5.2. In the event of default, the Company will pay the lender an agreed compensation of $200 per each day of payment delay, (hereinafter: the "agreed compensation"). Such agreed compensation will be added to the loan amount.
6. Providing the loan for immediate repayment
6.1. In the event of any of the events specified in the following section, the lender will be entitled to demand the immediate and full repayment of the loan that has not been repaid by that date, it is hereby clarified that the right to demand immediate repayment and/ or the demand for immediate repayment does not derogate from any other relief available to the lender.
These cases are:
6.1.1. A liquidation order, receivership and / or stay of proceedings and / or an order to execute an arrangement or compromise with its creditors {or its shareholders) arising from its inability to repay its debts and/ or appointment of a liquidator and/ or receiver and or if an application is submitted by the company or any third party to issue an order as stated above or to appoint an office holder as stated above, and the said proceedings have not been canceled within 10 days from the date of their appointment.
6.1.2. If the Company has been declared limited by law or a foreclosure has been imposed on its bank account at Bank Leumi or JPMorgan, a foreclosure that has not been removed within 10 days or the Company's economic condition has deteriorated in such a way that in the opinion of the lender this would endanger the repayment of the loan. If payments of the loan have not been repaid on time or in any event where the lender is entitled to make the loan available for immediate repayment as detailed above, the lender may act as it sees fit and in its sole discretion as follows:
6.1.3. Lender may take measures against the Company by any means lender elects which are available to him under the agreement and / or by law, for collecting the amounts due to it under this agreement, all at once or in installments.
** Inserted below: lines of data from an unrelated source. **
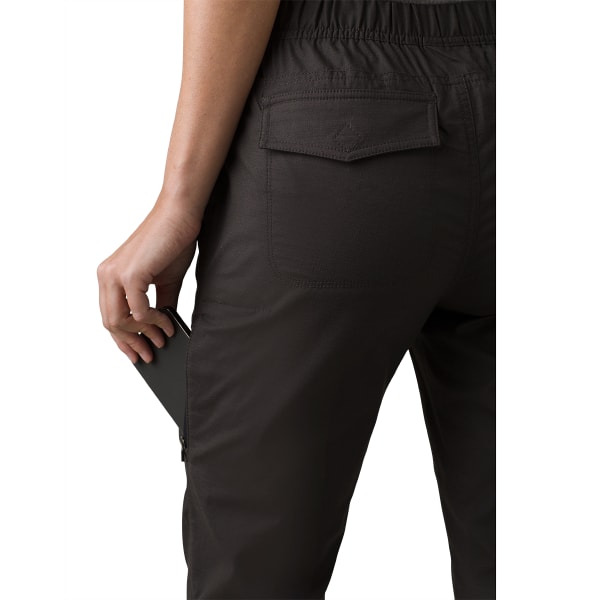 PRANA Women's Double Peak All-Around Pants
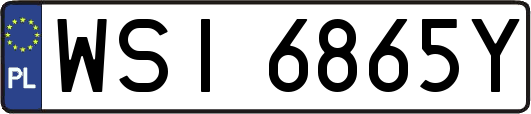 WSI6865Y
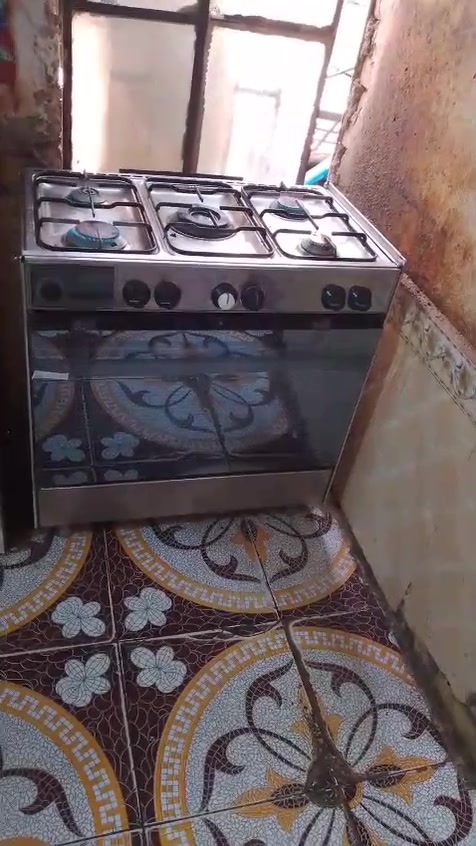 السلام عليكم طباخ نضيف  سعره 100


**إذا كنت صاحب هذا الإعلان وتريد حذفه لأي سبب، رجاءا أرسل رسالة إلى الدعم الفني**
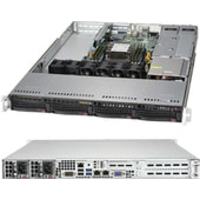 Supermicro CSE-815TQC-R504WB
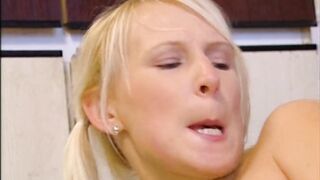 Unsere deutsche GROßE FAMILIE!!! – Teil #01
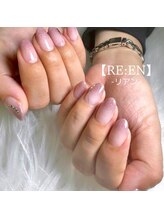 リアン(RE:EN)/定額◎Simple◆design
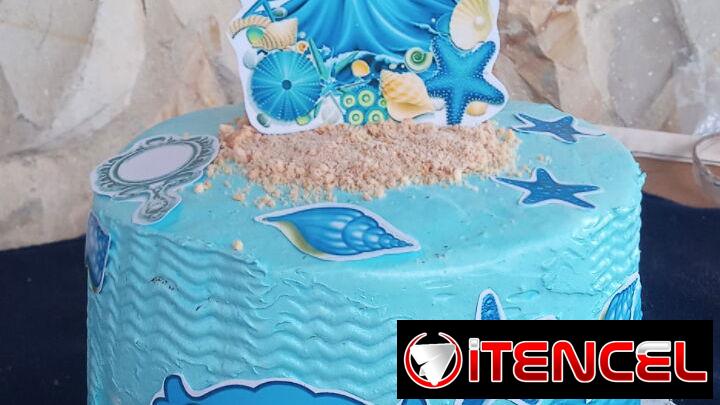 Buffet para todo tipo de cumpleaños — foto 1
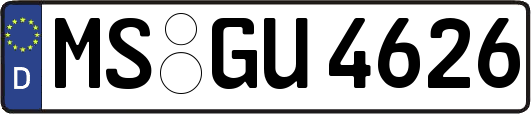 MS-GU4626
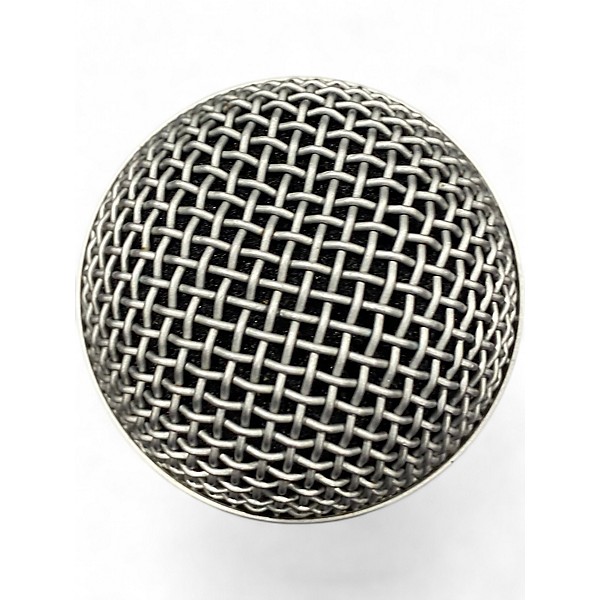 Used Shure SM58S Dynamic Microphone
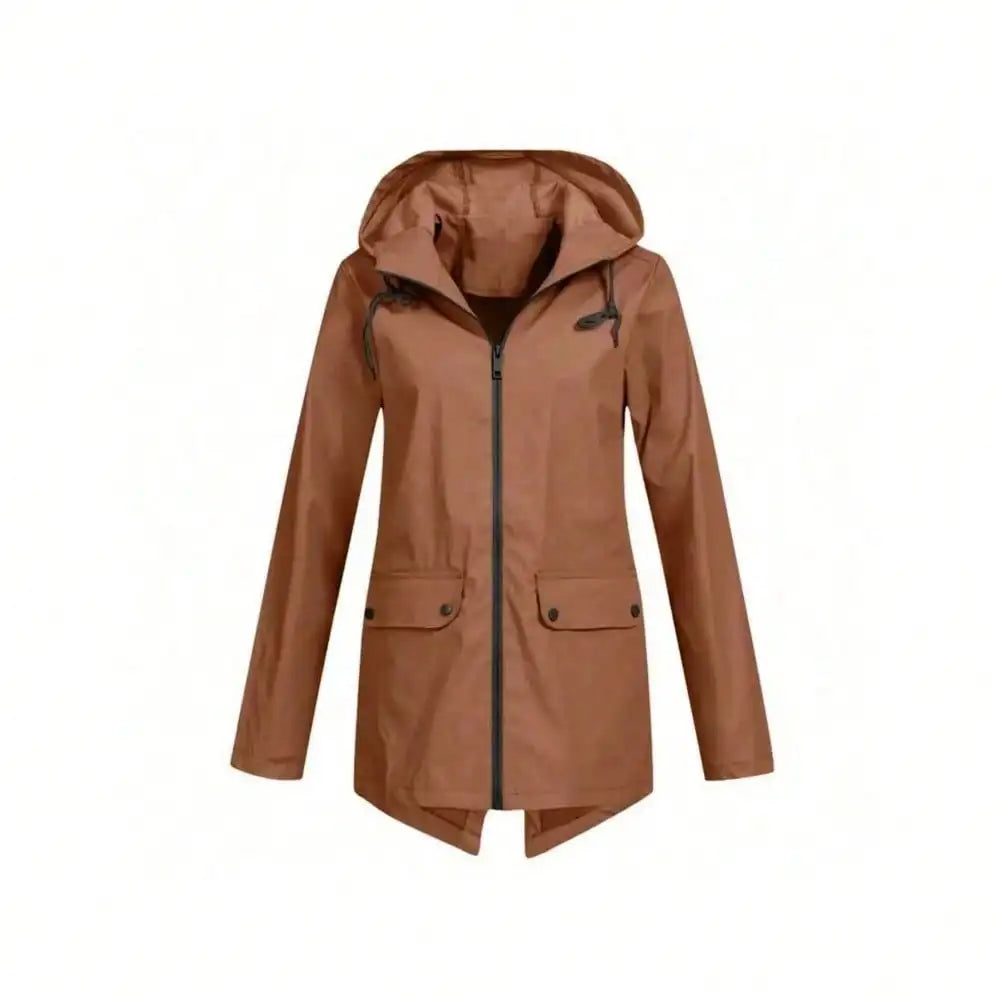 Merci | Outdoor Raincoat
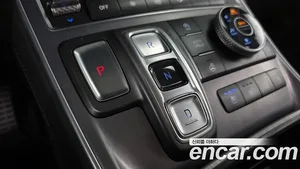 Hyundai Santa Fe, 2023 — миниатюра 9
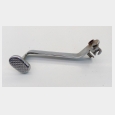 PALANCA DE FRENO TRASERO (2) KEEWAY SUPERLIGHT 125 '06 3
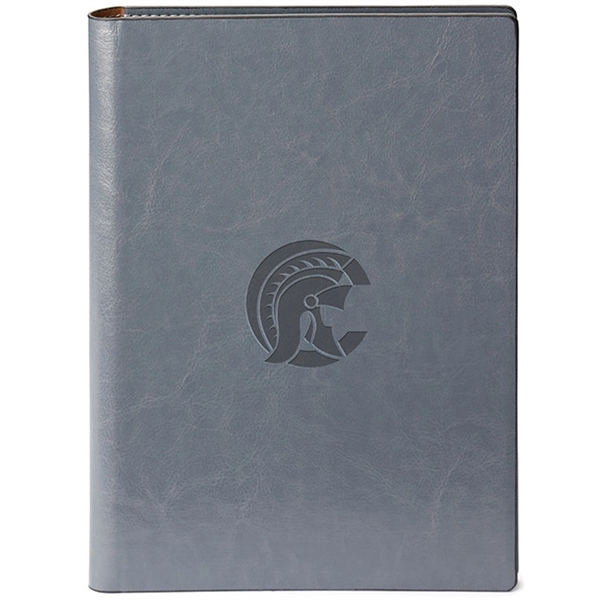 FABRIZIO PADFOLIO  REFILLABLE ECO NOTEBOOK - FABRIZIO PADFOLIO  REFILLABLE ECO NOTEBOOK - Image 3 of 7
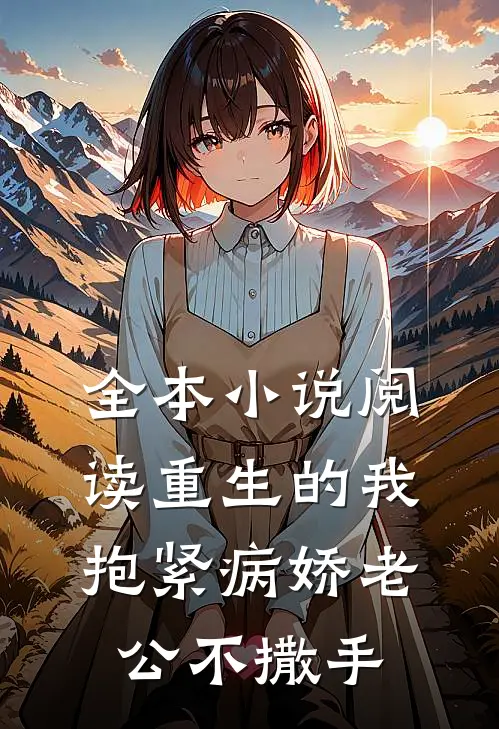 全本小说阅读重生的我抱紧病娇老公不撒手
To exercise one or all the measures specified above, in full or in part, in order to collect the sums due to it under this Agreement, all at once or in installments. The lender shall be entitled, as it sees fit, to split its claim for the repayment of all or any of the said amounts, and any part of the amounts claimed by the lender shall serve as a separate cause of action and independent of any other part of the said amounts.
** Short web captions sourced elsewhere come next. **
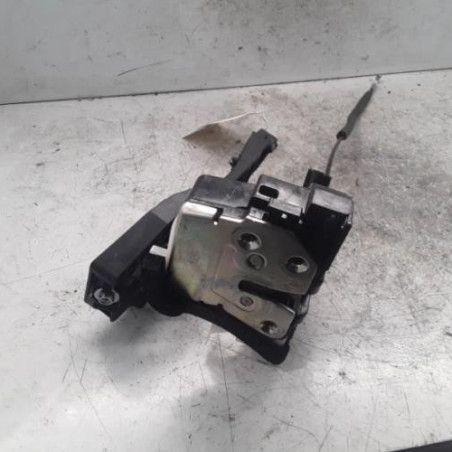 Serrure avant droit HYUNDAI I 20 2 Photo n°1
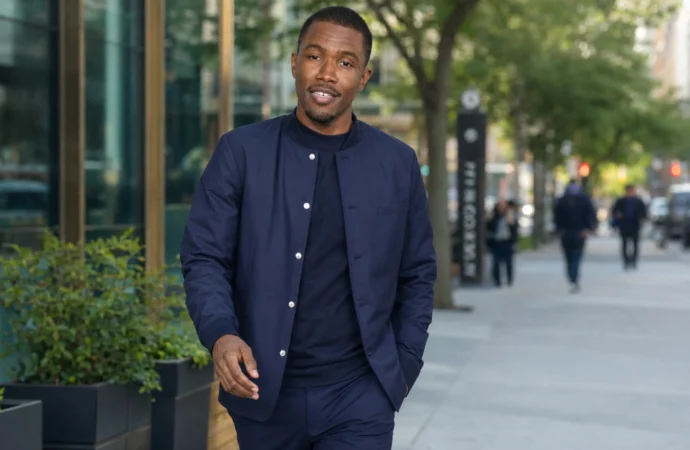 Ashley “Nikkii” Ellison: Frank Ocean’s Sister and Private Family Member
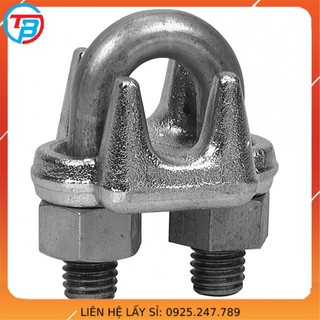 Ốc Siết Cáp - Capthepgiasi
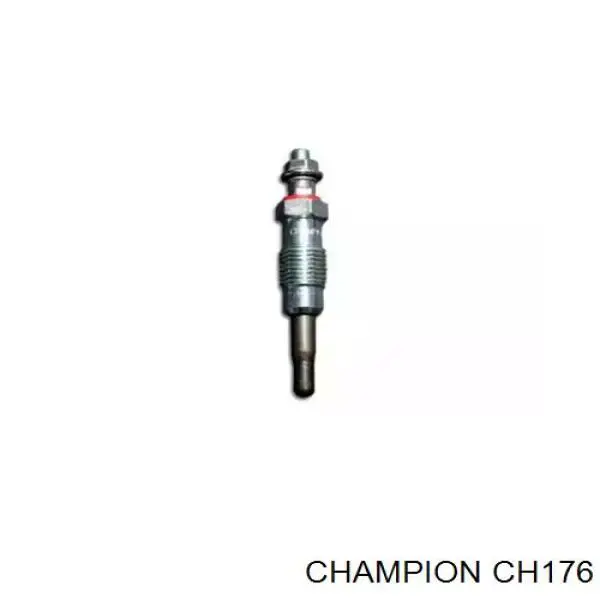 Vela de incandescência Champion CH176 preço, a partir de 9,79 USD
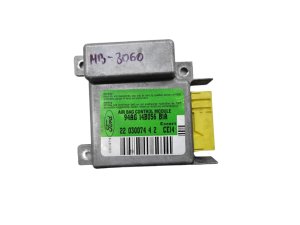 Modulo di controllo airbag 94AG14B056B1A OE Ford Escort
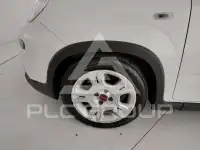 2024 Fiat Panda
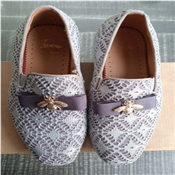 Share this product Depally Tie Dot Designers Men Shoe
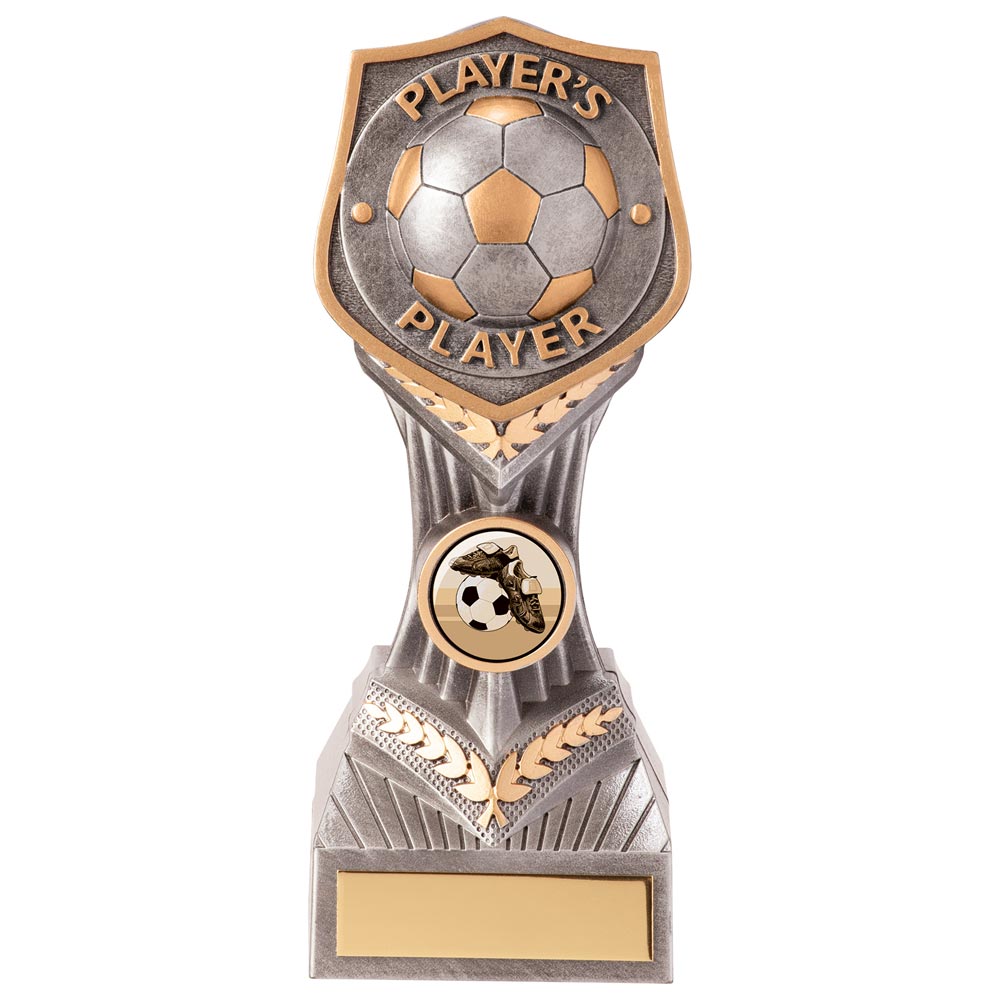 Falcon Football Player's Player Award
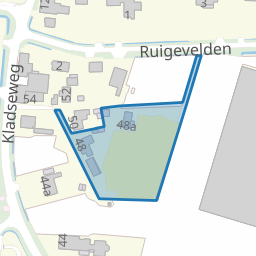 Perceel HSR00-I-1687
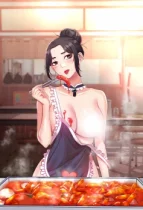 Lady Snack Bar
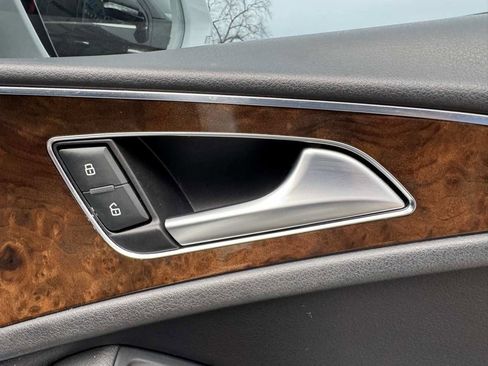 Used 2016 Audi A6 2.0T Premium w/ Technology Package image 33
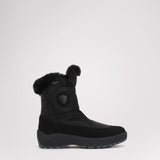 Moscou 3.0 Women's Velcro Boot w/Ice-Gripper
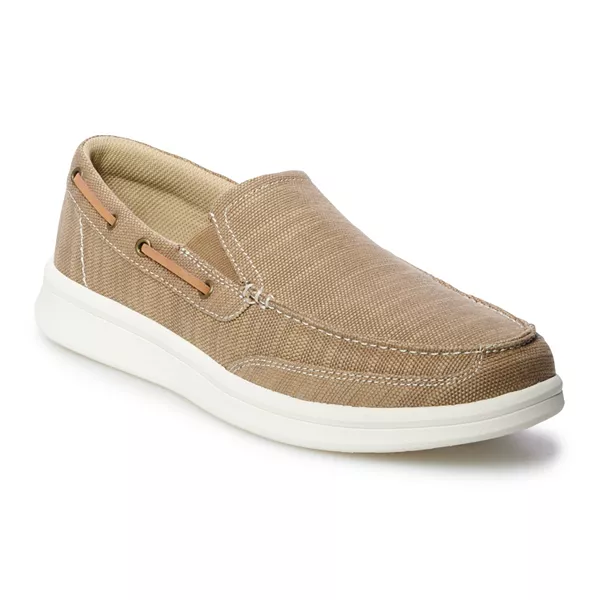 Sonoma Casual Boat Shoes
6.4. The Company will reimburse lender for all reasonable expenses and payments to be paid by it, including fees of counsel and other expenses to be directly incurred for the purpose of enforcing this agreement.
7. Transfer of rights
7.1. The Company shall not be entitled to transfer or assign its rights under this Agreement, in whole or in part. The lender may transfer any of its rights under this agreement without seeking the company's consent.
8. Remedies
8.1 The company acknowledges that a breach by it of its obligations hereunder will cause irreparable harm to the lender, by vitiating the intent and purpose of the transaction contemplated hereby. Accordingly, the company acknowledges that the remedy at law for a breach of its obligations under this agreement will be inadequate and agrees, in the event of a breach or threatened breach by the company of the provisions of this agreement, that the lender shall be entitled, in addition to all other available remedies at law or under this agreement, and in addition to the penalties assessable herein, to an injunction or injunctions restraining, preventing or curing any breach of this agreement and to enforce specifically the terms and provisions thereof, without the necessity of showing economic loss and without any bond or other security being required.
9. Conflict of Interest
9.1. The company and the lender each hereby (i) acknowledge the inherent conflict of interest in the transactions contemplated hereby, (ii) waives any claims or rights it may have in respect of such conflict of interest and (iii) accepts any decision to pre-pay the loan.
10. Statements by Parties
10.1. Any change or addition to this Agreement shall have no effect unless it has been made in writing and signed by all parties.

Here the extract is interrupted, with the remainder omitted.